Sunday, February 13, 2011

A School Where Nobody Has To Pass

One of the benefits of working in an incomparably diverse school is the opportunity it provides for discussions of race and class. Students and teachers at Crossroads College Prep openly talk about how their lives are affected by their skin color, their socio-economic situation, and the way that they view themselves and others view them.

I thought about this recently as I listened to a fascinating speech by Princeton University historian Martha Sandweis on her book Passing Strange: A Gilded Age Tale of Love and Deception Across the Color Line. In her work of non-fiction, Sandweis traces the double life of Clarence King, a 19th Century scientist, explorer, and friend of Presidents and Secretaries of State. King was a blond haired, blue-blood member of the East Coast intellectual elite who dined with the upper echelons of post-Civil War America; however, unknown to many, King also had a second life existence as an African-American in Brooklyn with a wife and family who thought he was a black Pullman Porter named Clarence Todd. (I have attached a link to a New York Times review of the book below.)

Sandweis uses the story of Clarence King/Todd to explore uniquely American, and even more particularly New York, concepts of race and class. As Sandweis shows, this story could only have happened in New York City at the turn of the century, and while she may have been telling the tale of one man, she is really explaining America’s tortured concepts of race.

I thought about Crossroads College Prep as I listened to Sandweis. In a school that is almost fifty-fifty white/students of color, race and class are concepts that we are constantly thinking about and with which we are grappling. For we know that diversity is really only the first step toward creating the kind of community we want. As the National Association of Independent Schools (NAIS) says, diversity is merely a quantitative measurement: it shows what the population looks like. To be the school we wish to be, we need to be constantly taking the next step and looking at how to be an even more inclusive community, and that’s why in the Crossroads College Preparatory School Mission Statement, we stress that we are both diverse and inclusive. In St. Louis, we can point out places that are diverse in terms of the types of people present, but the people that are there don’t really interact with each other in a meaningful way. We want our school to be much more than that and to be a refuge from the racial polarization that has characterized our city for far too long.

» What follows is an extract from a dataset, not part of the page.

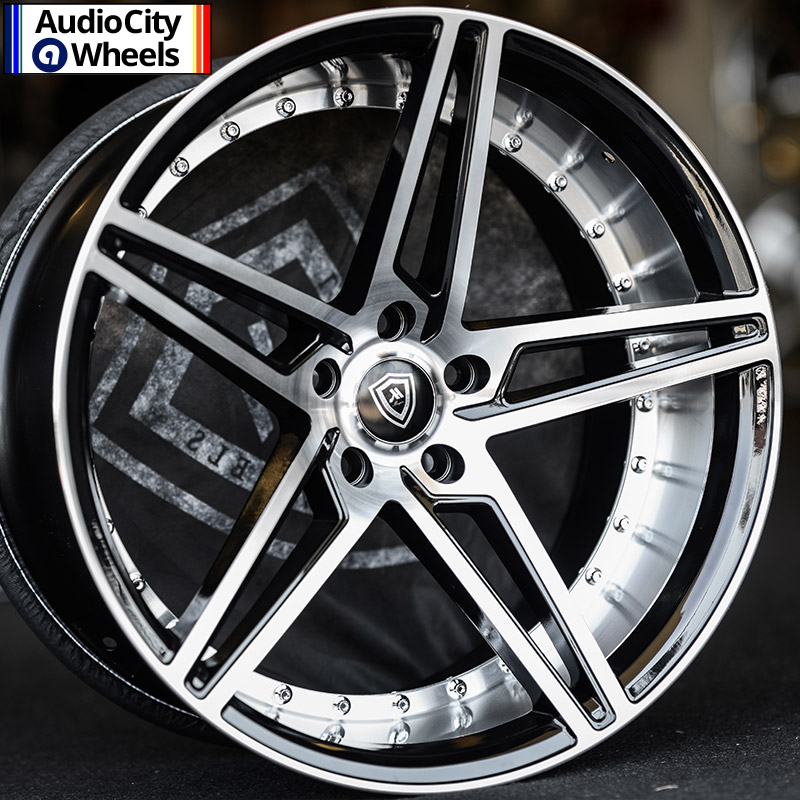 20" MQ 3258 WHEELS BLACK MACHINED FACE STAGGERED RIMS 5x115 FIT DODGE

All too often, adolescents have to hide who they are for a variety of reason ranging from simple peer pressure to feeling like they truly don’t belong in the community. We hope that having young men and young women in a school that is both diverse and inviting allows them to be who they are so they can become who they want to be. If we can provide all of our students with this experience, hopefully, they will never feel like they have to pass for someone else.